MA QUESTO È IL MENO, perché l’Austria da potente impero è ridotta a una insignificante piccola repubblica. E soprattutto la sconfitta ha operato sulla zucca degli abitanti al punto che tutto sembra stia per esplodere, mentre comincia a serpeggiare qualche svastica. Preso in questa situazione devastante, dopo che la sua ricca famiglia ha perso una fortuna in buoni di guerra, Perg, ex ispettore di polizia non si dà pace, un po’ come per i reduci del grande schermo (e anche della realtà) di guerre più recenti. Corpi mutilati, degrado, povertà, depravazione e omicidi rituali che colpiscono i reduci. Raccontati puntando molto sull’aspetto visivo Ruzowitzky rischia di farsi sopraffare da questa dimensione visionaria, affastella una quantità colossale di temi e di sottostorie al punto da rendere un po’ indigesto il suo polpettone pacifista e ridondante. Il regista dice che il soggetto del suo film è «la mascolinità tossica» dovuta a un malinteso senso del dovere, alla vergogna e alla rabbia per la sconfitta che scatenano un’aggressività cieca.

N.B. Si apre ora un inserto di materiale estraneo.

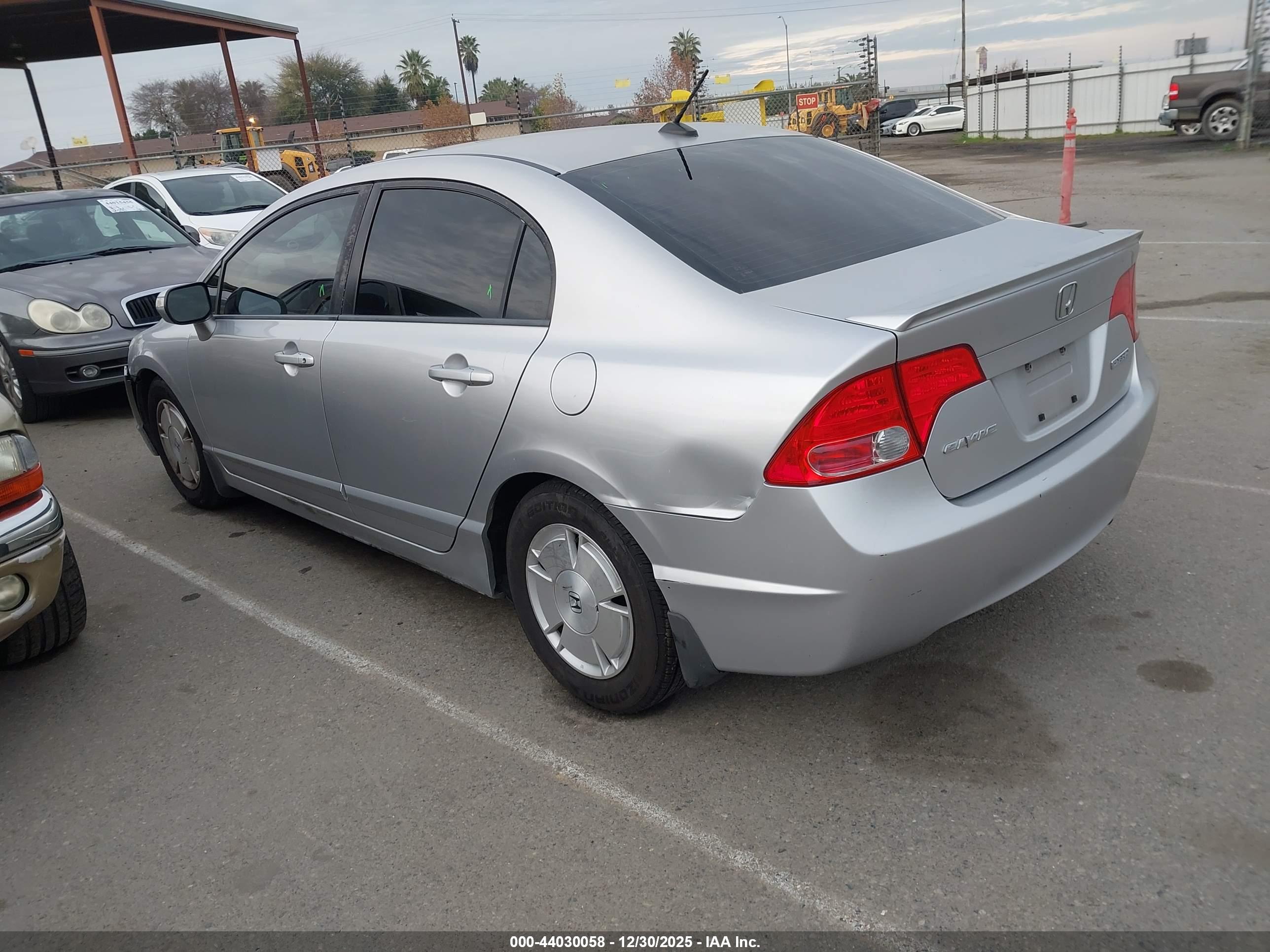 HONDA CIVIC image 3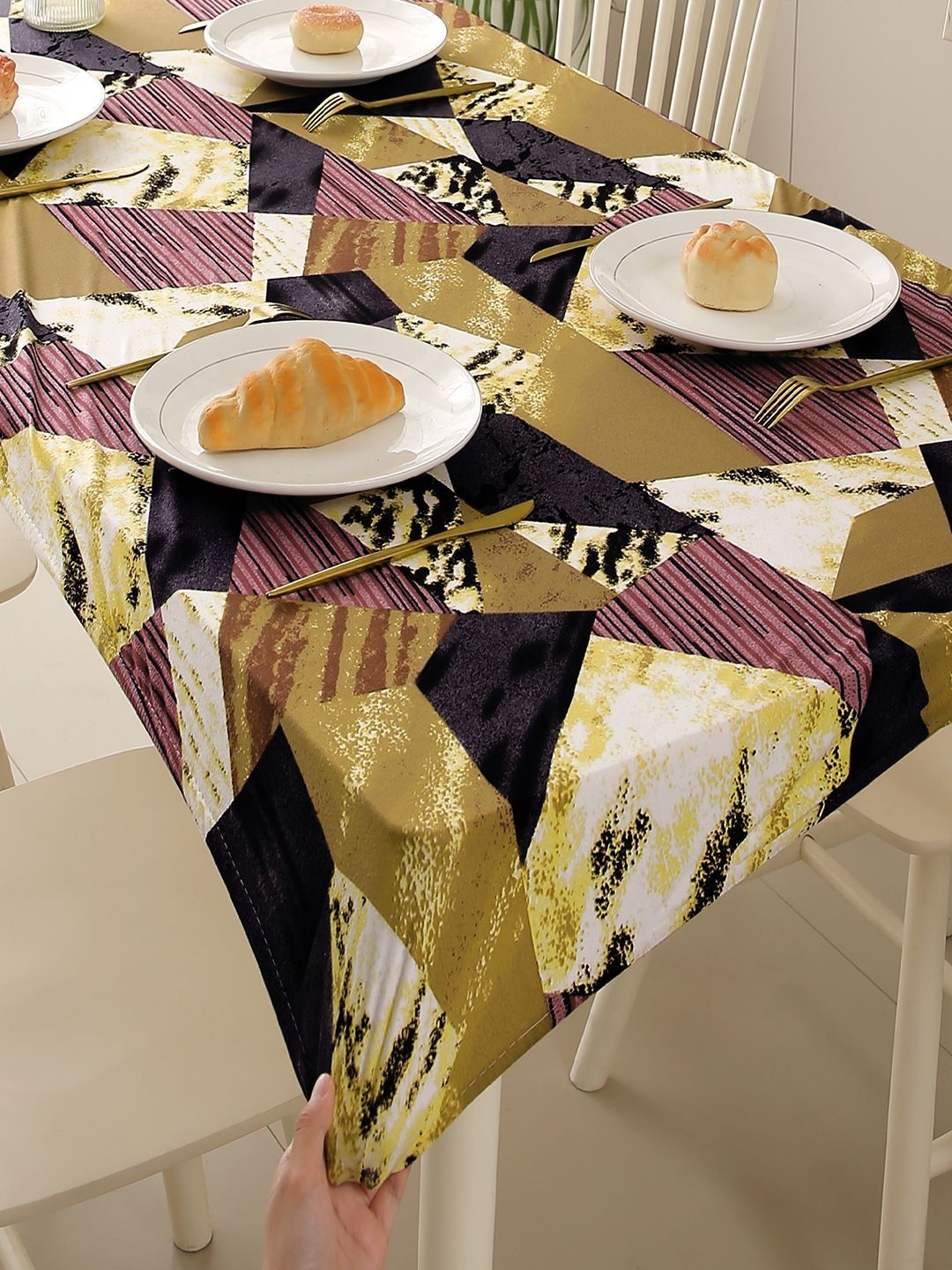 HOKIPO Wine Abstract Geometry Water-repellent 47x31 Inch 4 Seater Table Cover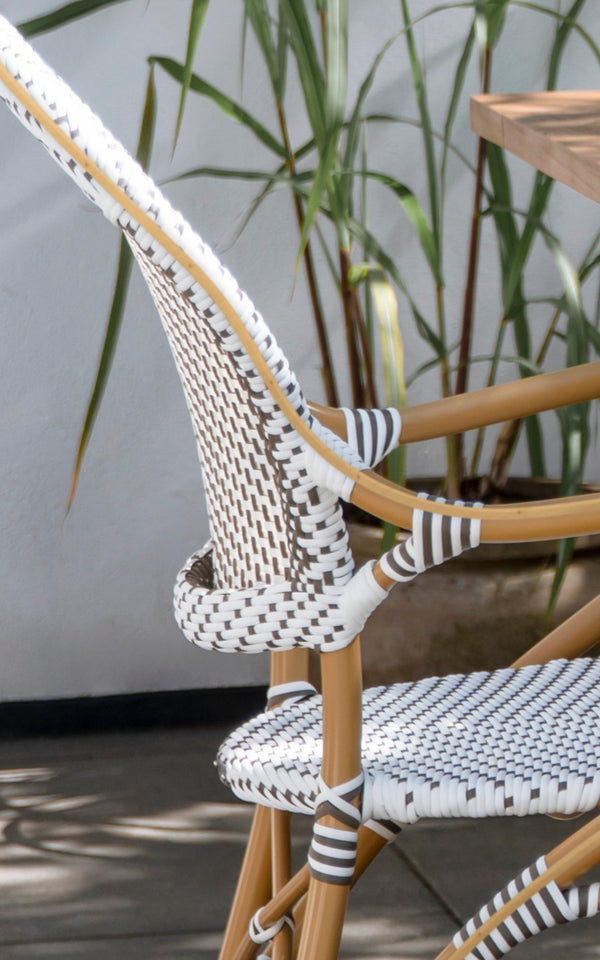 Esta es una imagen de detalle de Isabell en almond aluminium frame White w cappuccino dot ArtFibre.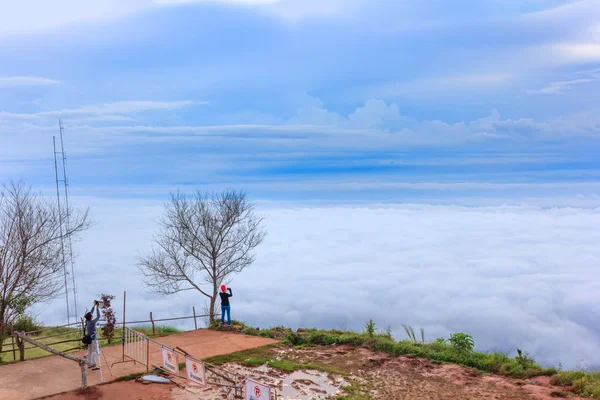 Phu Tubberk'te güzel gün doğumu ve sis, Phetchabun Eyaleti, Tayland.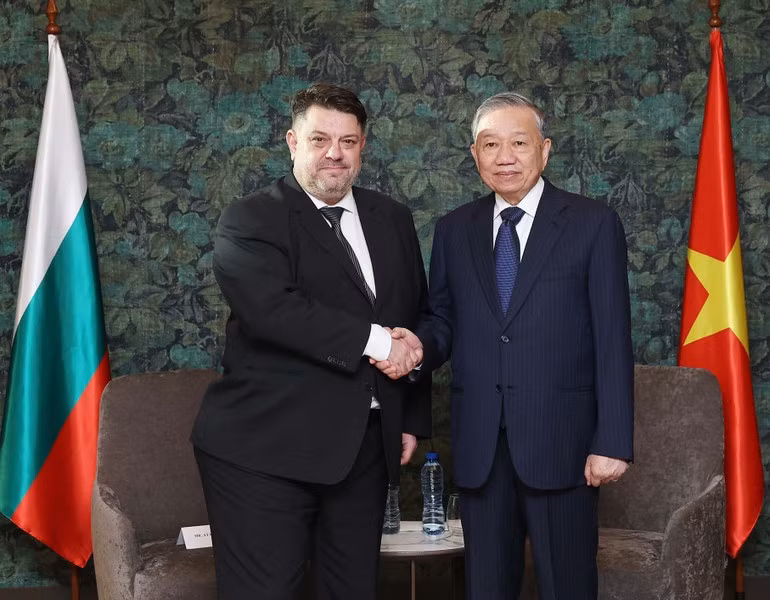 Tổng Bí thư Tô Lâm tiếp Chủ tịch Đảng xã hội chủ nghĩa Bulgaria Atanas Zafirov. (Ảnh: THỐNG NHẤT/TTXVN)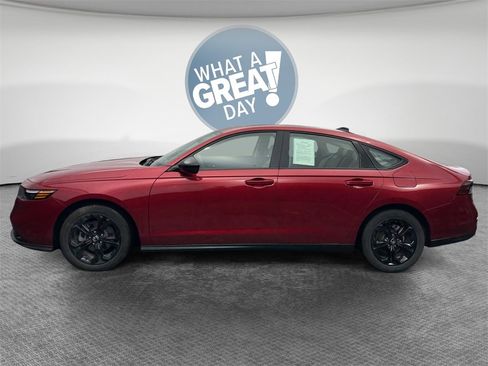 Used 2025 Honda Accord SE image 7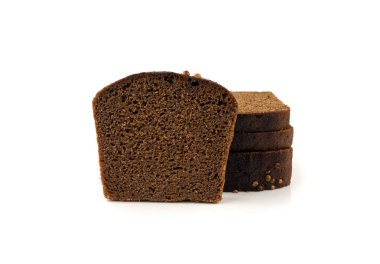 Siyah çavdar ekmeği soyutlanmış, koyu kahverengi dilimlenmiş ekmek, ekşi borodinsky rugbrod kare dilimleri ve beyaz arka planda kişniş otu.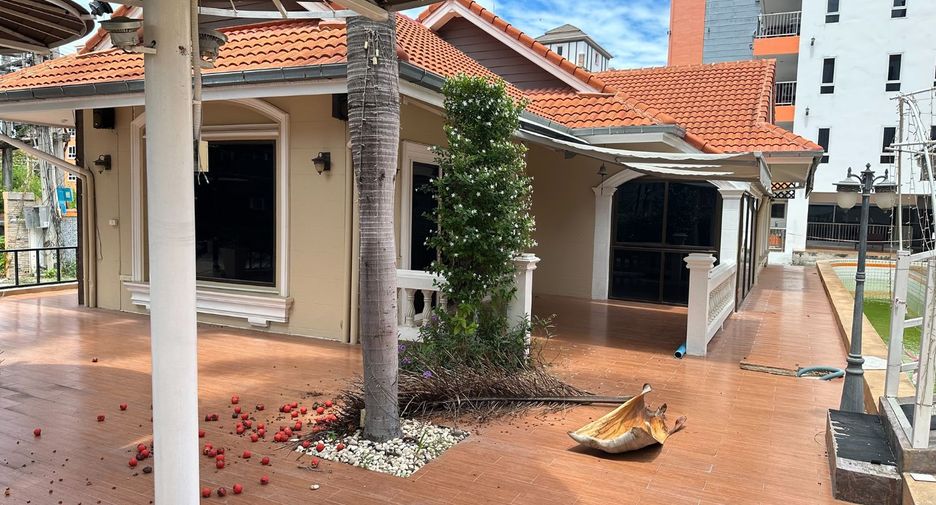 For sale 11 bed hotel in Bang Lamung, Chonburi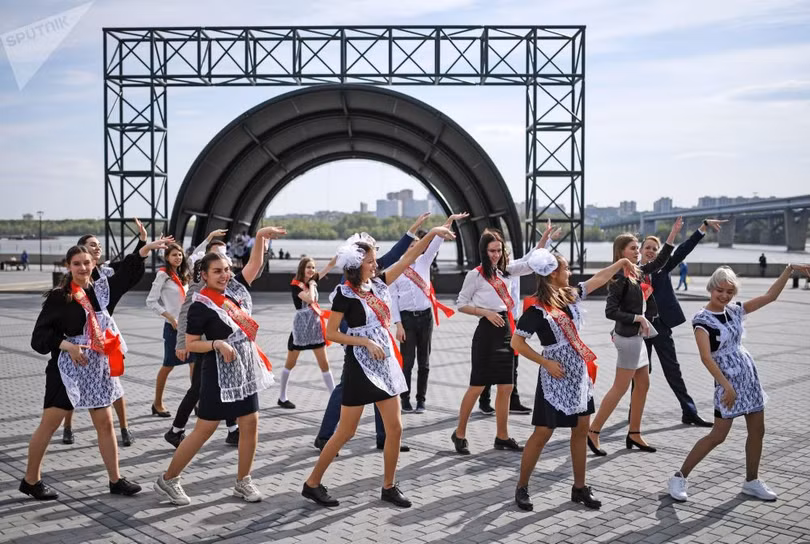 Những cung bậc cảm xúc của học sinh xứ Bạch Dương trong lễ bế giảng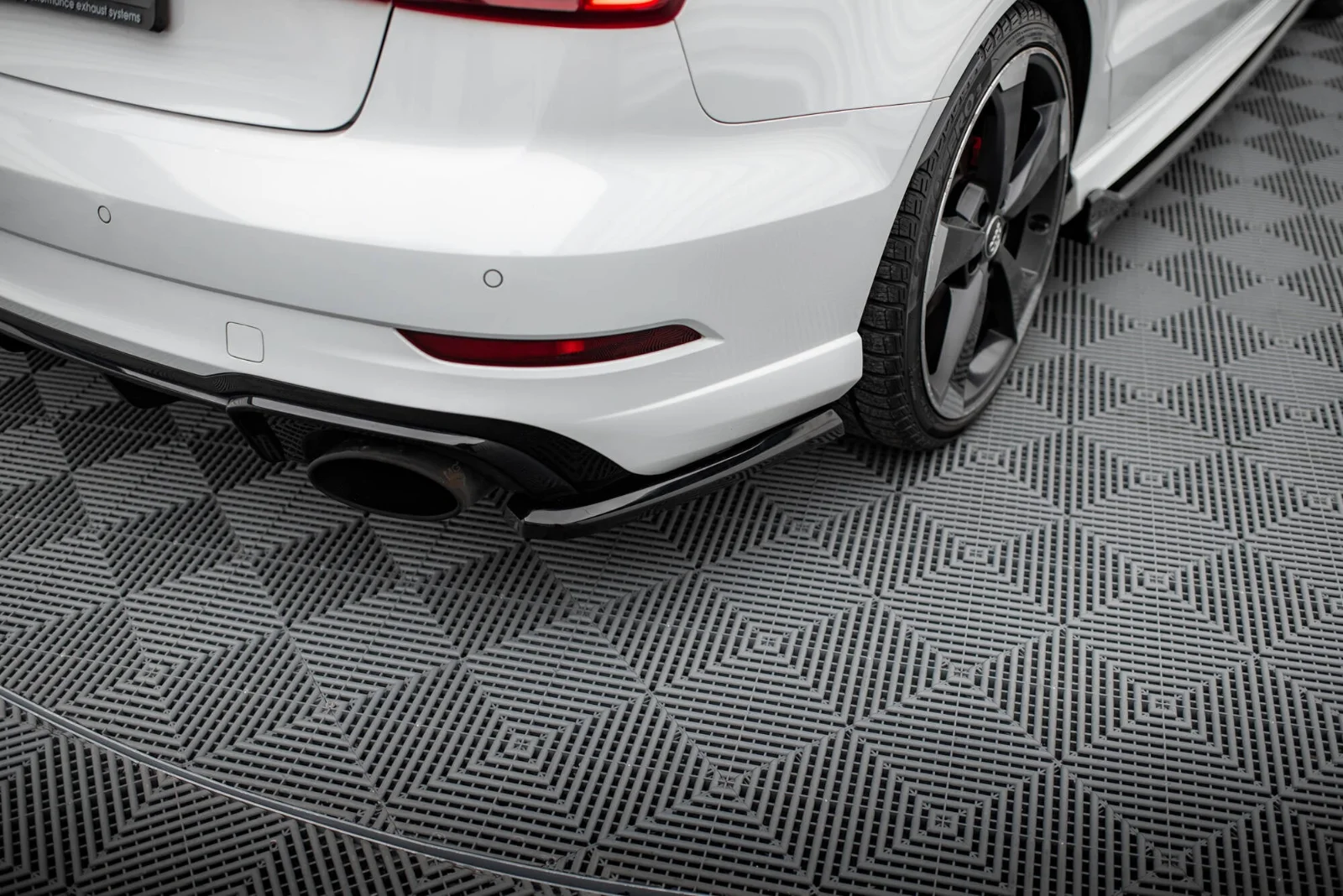 Maxton Design Heck-Seitensplitter V.2 für Audi RS3 8V FL – Schwarz glänzend – AU-RS3-8VF-S-RSD2G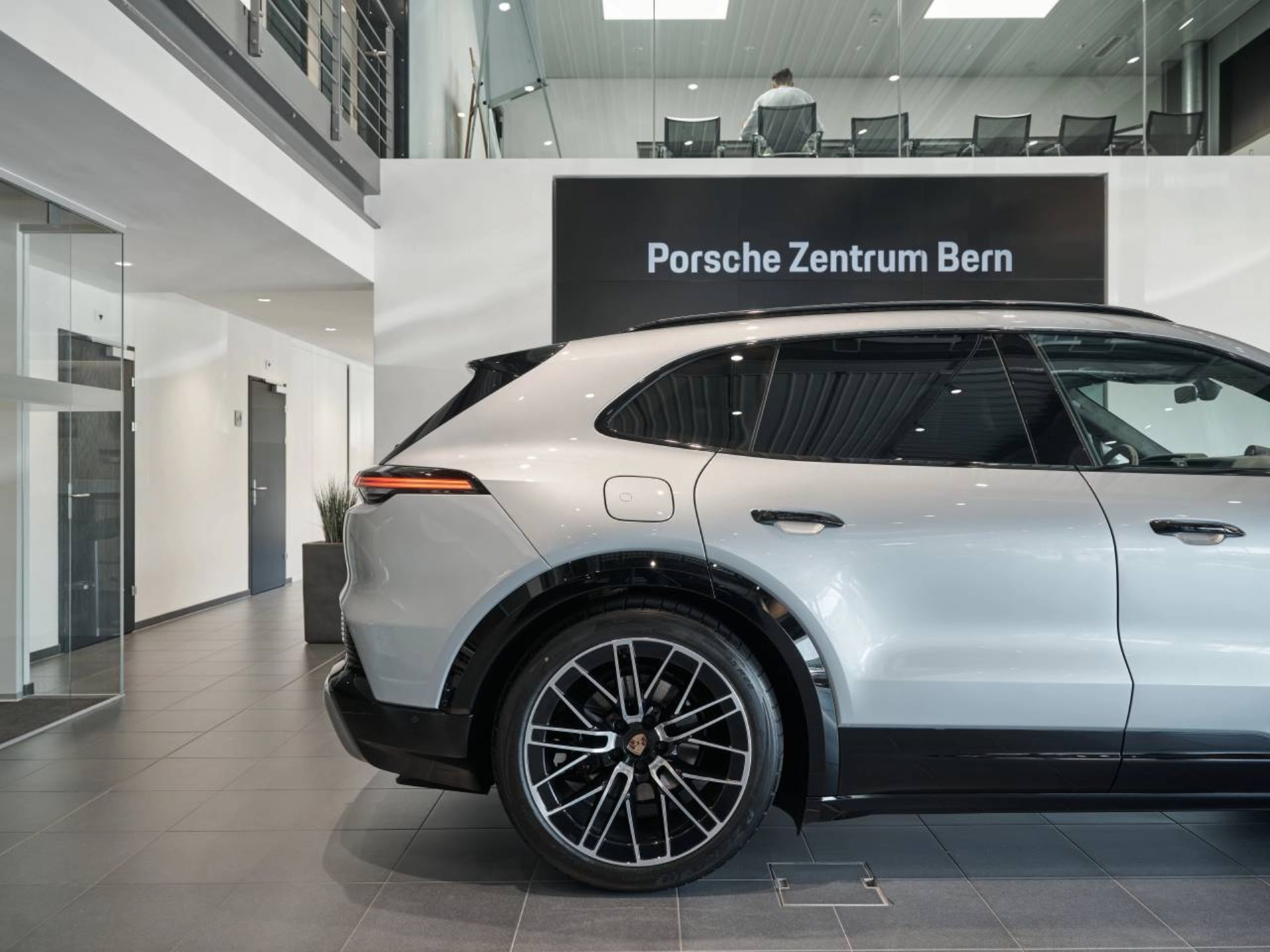 PORSCHE Cayenne S Electric-image-9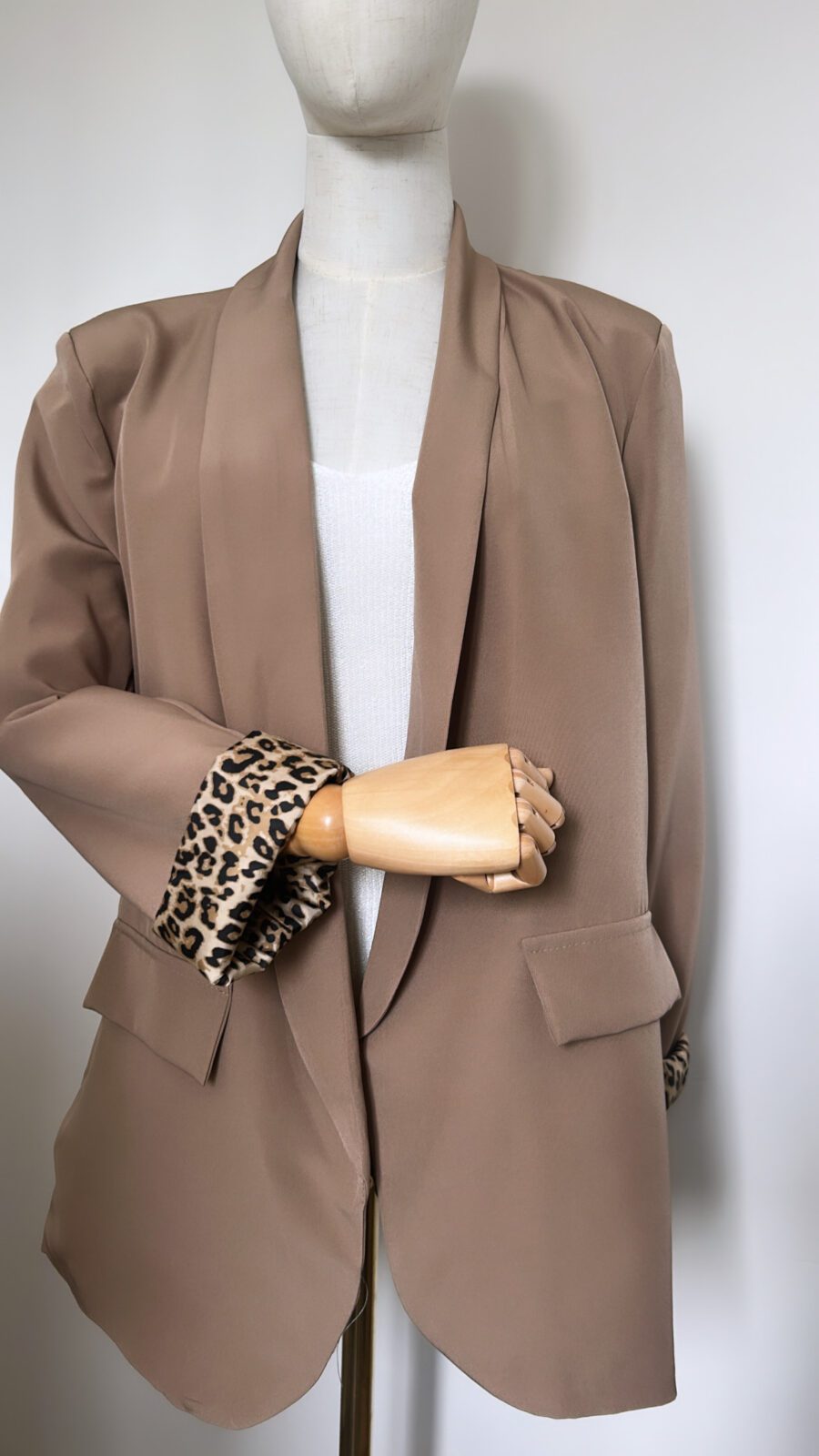 Blazer léopard marron et un débardeur en maille blanc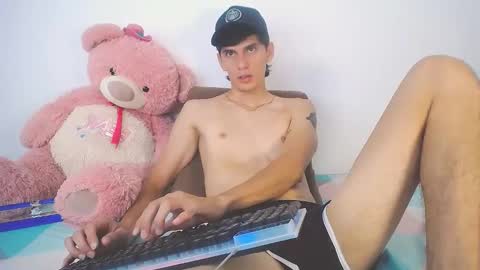 EthanColeeman online show from June 7, 5:06 pm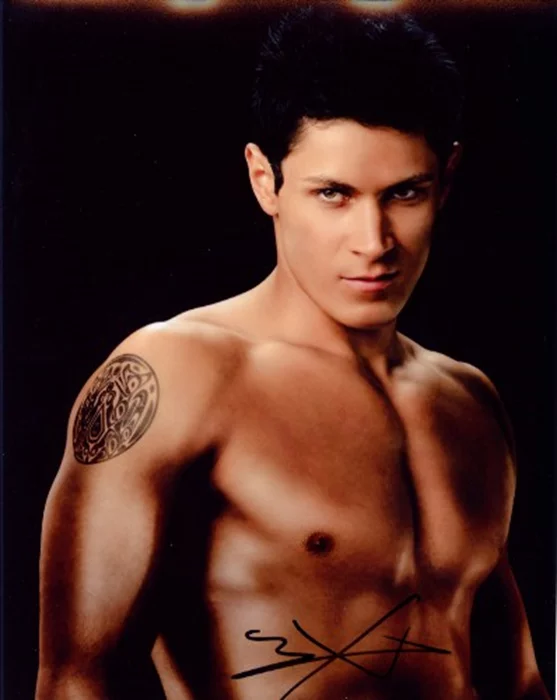 Alex Meraz autograph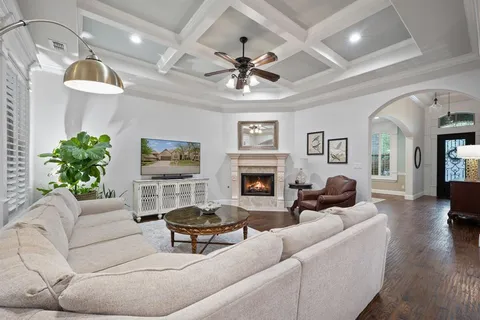 $635,000 | 305 Matthew Avenue, Denton, TX 76210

NEI CINEASTI del presente invece un’incursione italiana: Il legionario di Hleb Papou, regista di origine bielorussa (intervistato su Alias del 31 luglio scorso) da tempo residente in Italia e frequentatore del Centro Sperimentale. Qualche anno fa aveva realizzato un corto dallo stesso titolo e sullo stesso tema, due fratelli italiani di origine camerunense, uno celerino, l’altro leader del comitato di una casa occupata da anni sotto minaccia di sgombero. Ora quella storia è diventata un film, grazie alla sceneggiatura scritta con Giuseppe Brigante e Emanuele Mochi.

Il tentativo è coraggioso, seppure senza grandi risorse produttive, nel suo modo di affrontare alcune trasformazioni italiane, sulle contraddizioni che attanagliano il paese, dove può succedere che simpatie leghiste allignino dove mai uno potrebbe aspettarselo, dove all’interno della celere le simpatie destrorse siano prevalenti, come sempre, ma dove anche gli occupanti del palazzo possono sfoderare un ventaglio di comportamenti e pregiudizi che ormai si annidano ovunque. Quel che ne esce è un ritratto eccentrico e inconsueto che forse solo un italiano-straniero poteva scovare, cercando di rimanere più vicino al cinema di genere piuttosto che alle tragedie della miseria.